US consulate employee ‘under house arrest’ in Turkey since January: State media
An employee at the United States' Istanbul consulate, Nazmi Mete Cantürk, turned himself in to Turkish authorities on Jan. 31 and has been under house arrest ever since, state-run Anadolu Agency reported on Feb. 10.
Cantürk's name had come up in the midst of a diplomatic crisis between the U.S. and Turkey back in 2017.
The employee was reported to have been summoned to give his testimony by the Istanbul Chief Prosecutor’s Office in a case involving Metin Topuz, another consulate worker accused of espionage by the Turkish state.
The most recent report revealed that Cantürk, who was reported to have been missing at the time, turned himself in late January.
Reports back in 2017 also said his wife and child were detained Oct. 9 in the Black Sea province of Amasya for suspected links to the Gülen network, accused of being behind last year’s failed coup attempt.
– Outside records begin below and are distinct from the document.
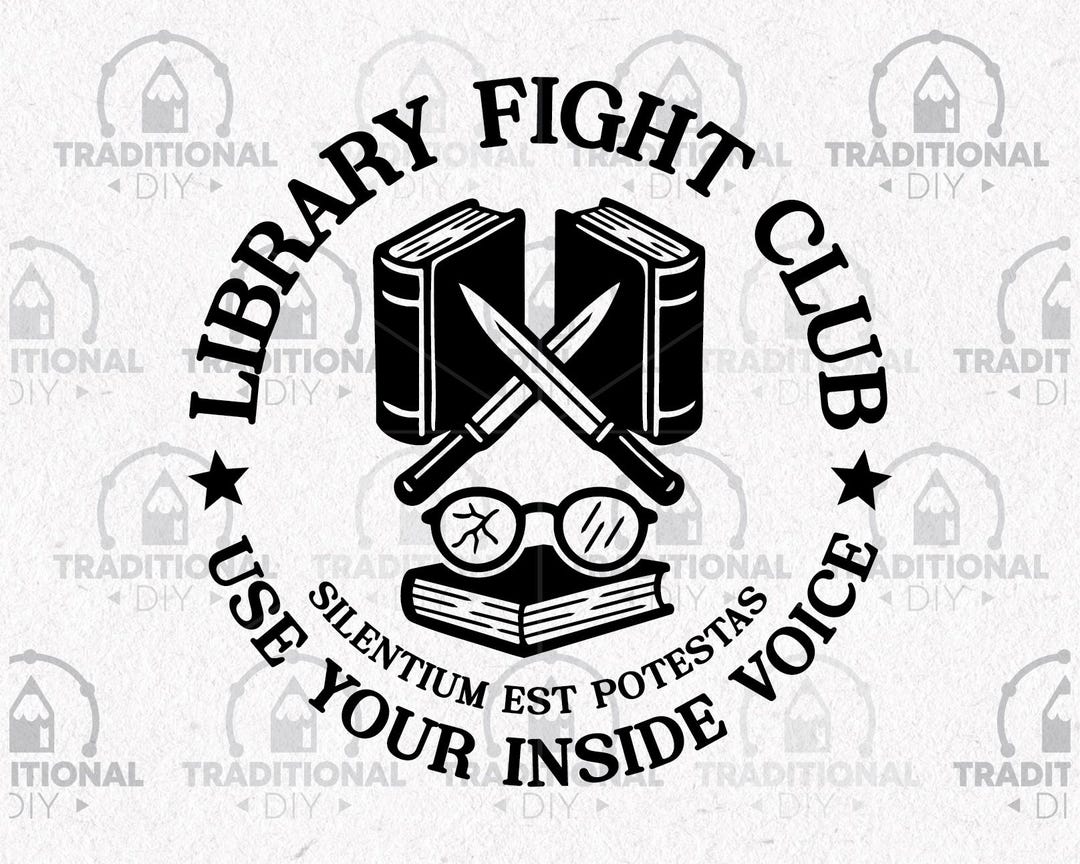 Library Fight Club SVG Bundle: Funny Book Lover Design (digital ...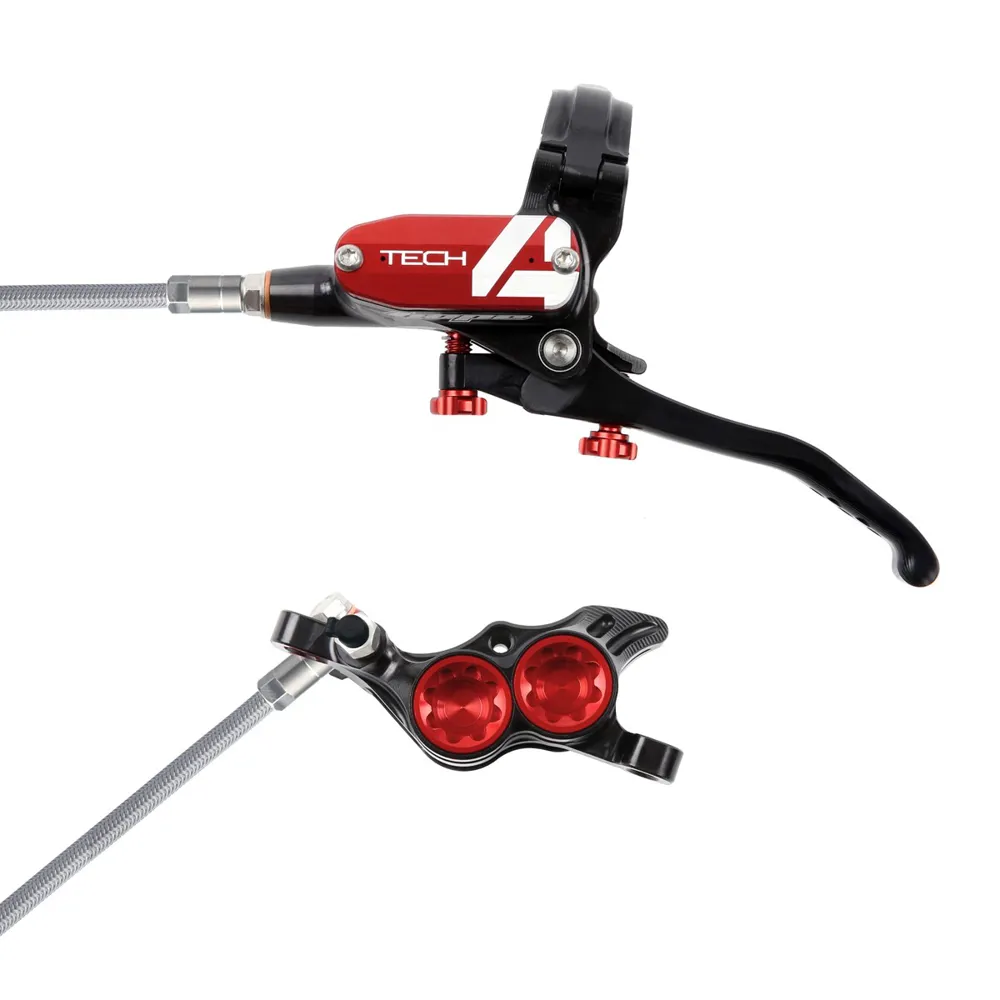 Team Cycles Hope Tech 4 E4 Disc Brakes - No Rotor - RightHand - Black and Red | Interest FREE Finance & Online Refund Policy.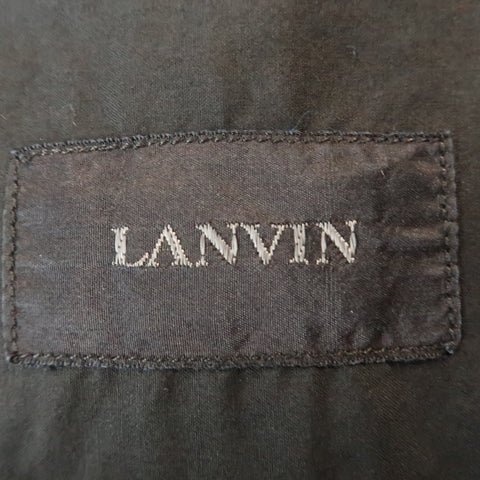 LANVIN Size L Black Solid Cotton Button Up Long Sleeve Shirt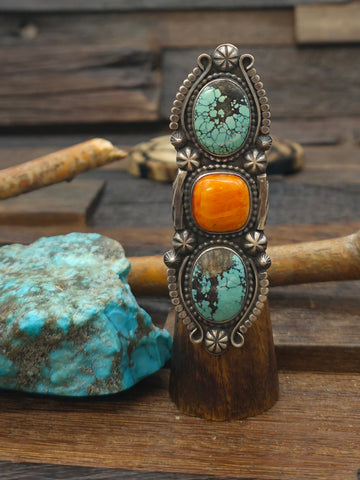 Stamped Sterling Silver and Sleeping Beauty Turquoise Hanging Hoop Earrings by Julia Etsitty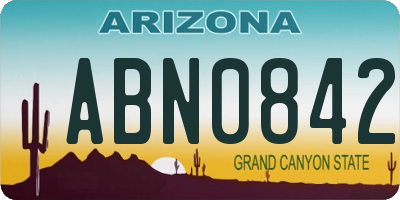 AZ license plate ABN0842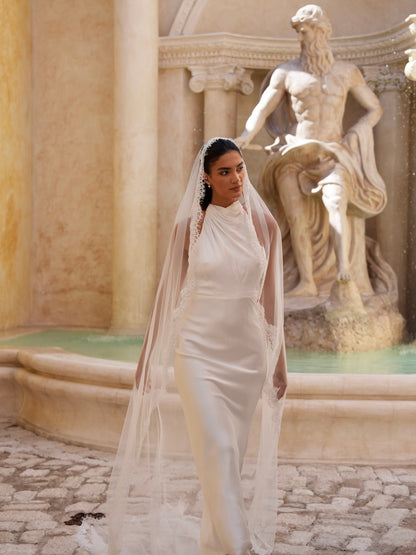 For Sandra Zhong- Alencon Lace Mantilla Veil, Single Tier, Cathedral Length
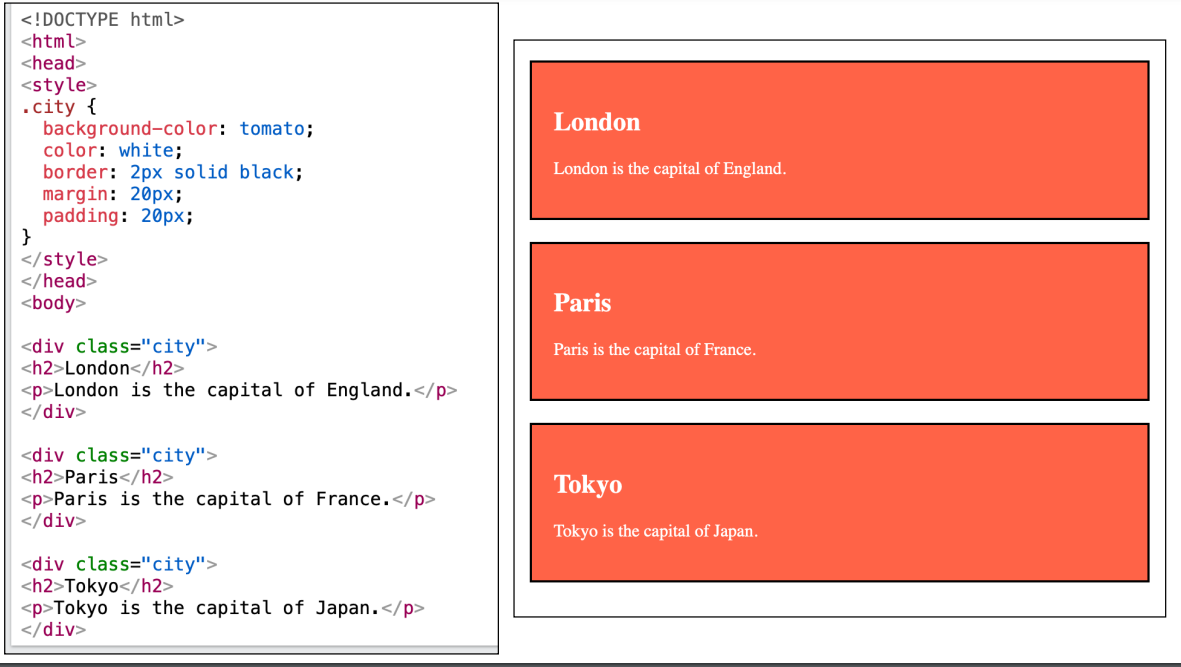 <p>The HTML class attribute is used to specify a class for an HTML element. • Multiple HTML elements can share the same class. • The class attribute is often used to point to a class name in a style sheet. It can also be used by a JavaScript to access and manipulate elements with the specific class name. • The class attribute can be used on any HTML element. • In the following example we have three </p><p>elements with a class attribute with the value of "city". All of the three</p><p> elements will be styled equally according to the .city style definition in the head section:</p>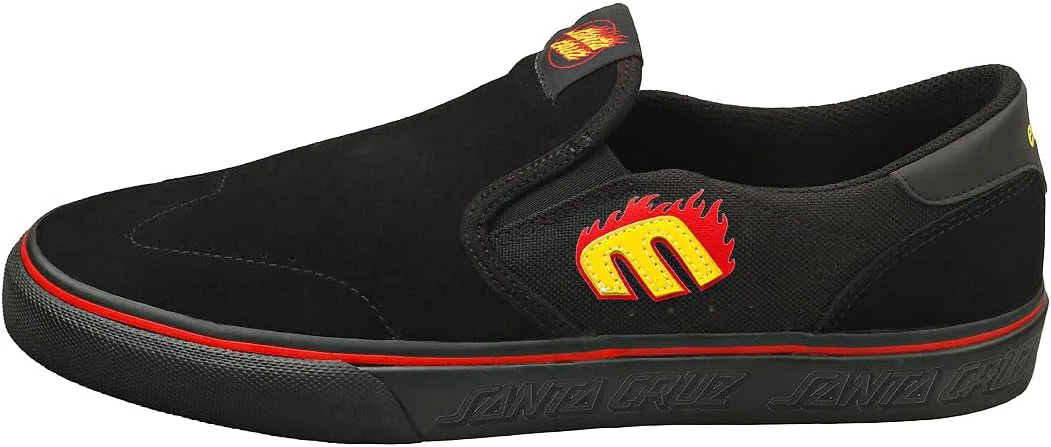 Мужские скейтерские слипоны Etnies Lo-Cut Slip X Santa Cruz низкие, черный — фото 4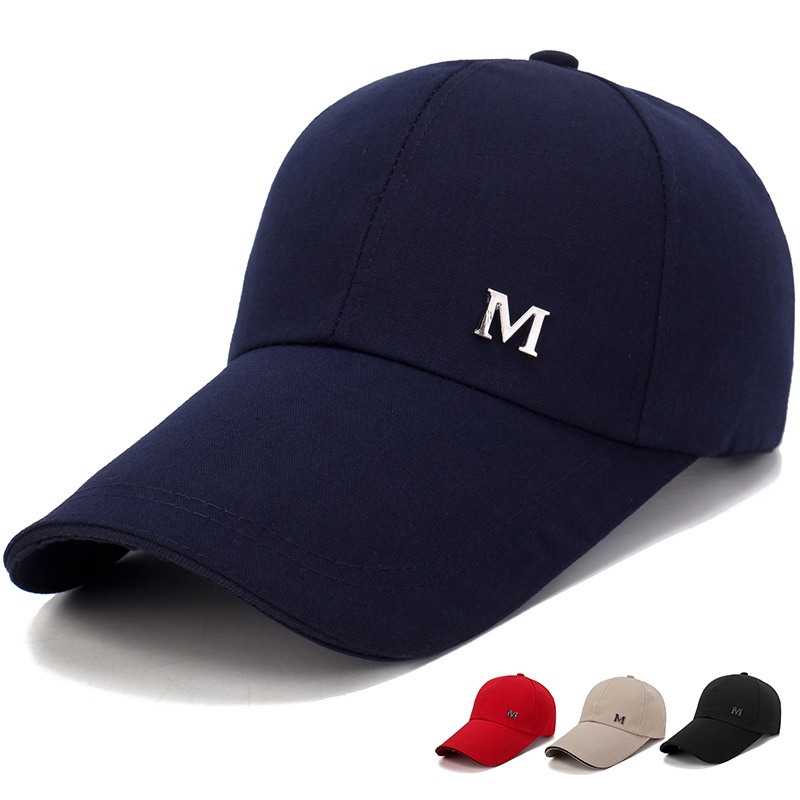 Mũ lưỡi trai ❤️ Nón kết đính logo kim loại chữ M phong cách Ulzzang form unisex nam nữ DN1682
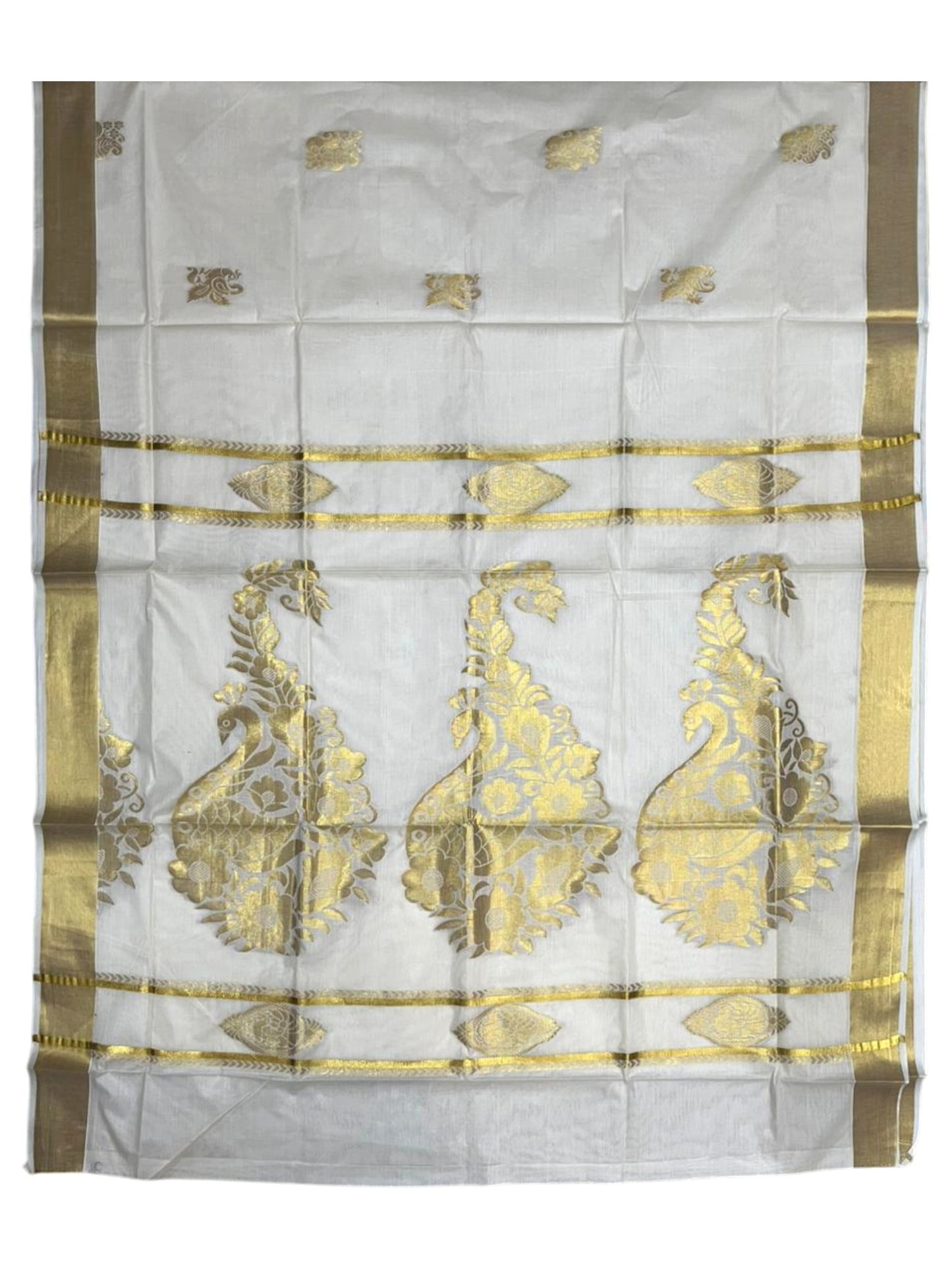 Southloom Pure Cotton Kerala Kasavu Heavy Work Saree with Peacock and Paisley Floral Woven Design on Body SL487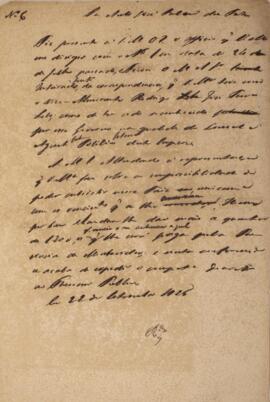 Minuta do despacho n. 6 datado do dia 22 de setembro de 1825, endereçado a Antônio José Falcão da...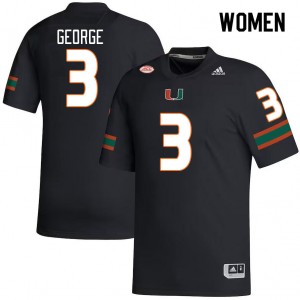 Women Jacolby George Black University of Miami College Football #3 Jersey 242545-704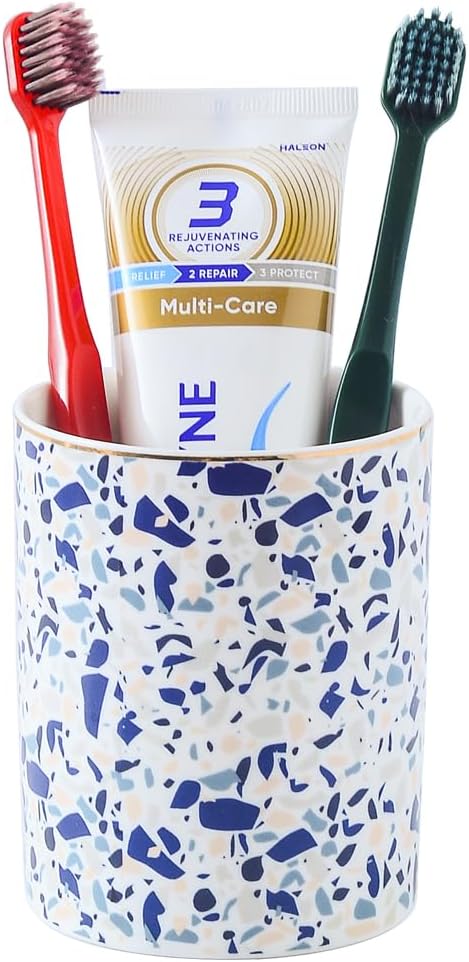Ceramic Toothbrush Holder Toothpaste Holders, Cute Bathroom Tumbler Cups Reusable,Checkered Bathroom Counter Decor Organizer, Makeup Brush Holder,Pen Holder (Terrazzo)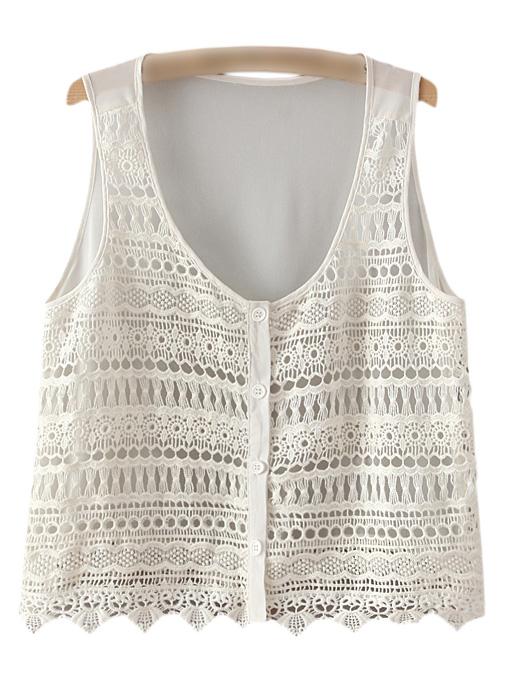 Shein Beige Buttons Front Hollow Crochet Splicing Tank Top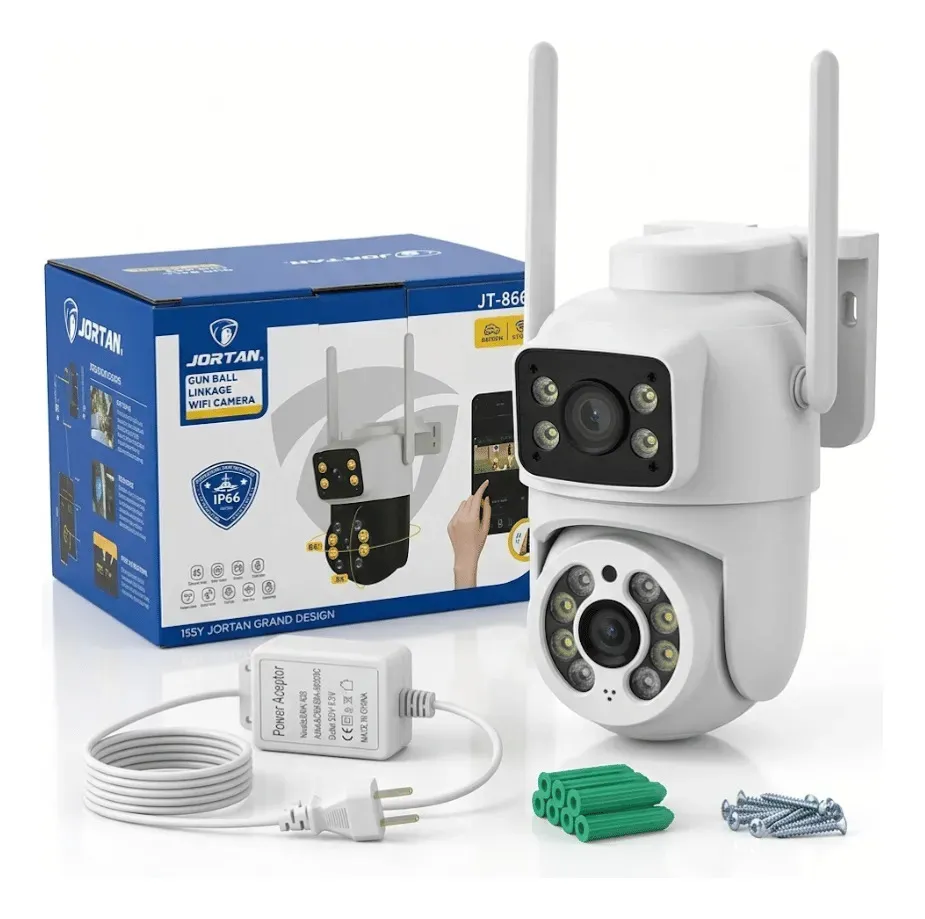 Câmera De Seguraça Externa Wifi Dupla Lente 4mp Hd Bullet + PTZ Youse Cor Branco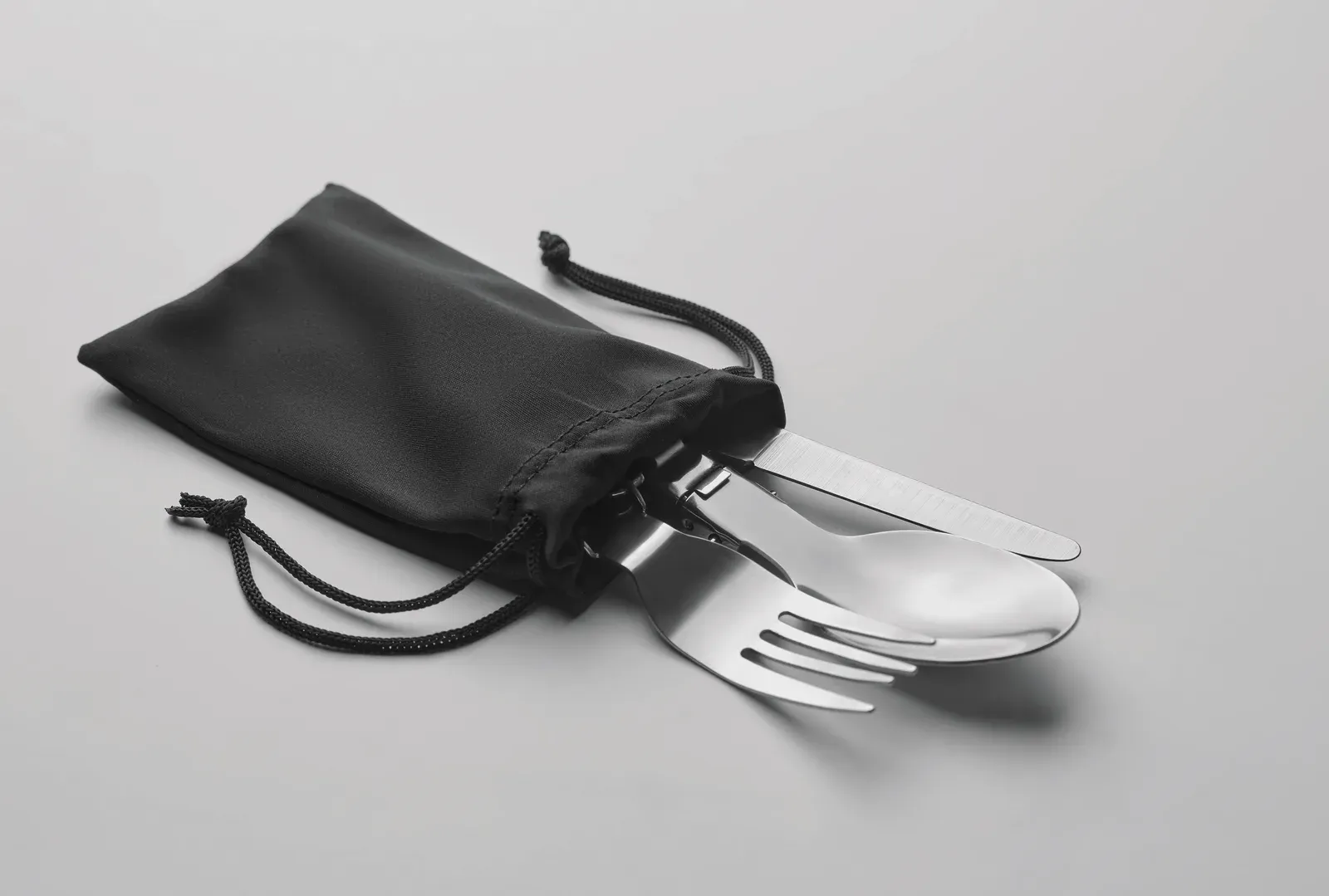 Stapi Set – 3-Piece Stainless Steel Camping Utensils Set in RPET Pouch — Black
The two were then transferred to Istanbul.
An Istanbul court released the wife and daughter of Cantürk after questioning them over alleged links to the Gülen network, a judicial source had said on Oct. 16.
The judge released the wife and child on condition they do not travel abroad and with an obligation that they provide their signatures at a police station every week, said the source.
Topuz was detained on Sept. 25 and arrested on Oct. 4 on espionage charges, prompting a diplomatic crisis between Washington and Ankara.
Topuz was also charged with having alleged links with leading members of the Gülen network.
His arrest led Washington to suspend all non-immigrant visa services at diplomatic facilities in the country, which was immediately followed by a reciprocal move by the Turkish Embassy in Washington to suspend visa applications from the U.S.
The months-long visa row between Turkey and the United States ended only on Dec. 27 as both countries announced that they would resume full capacity visa proceedings for each other’s citizens.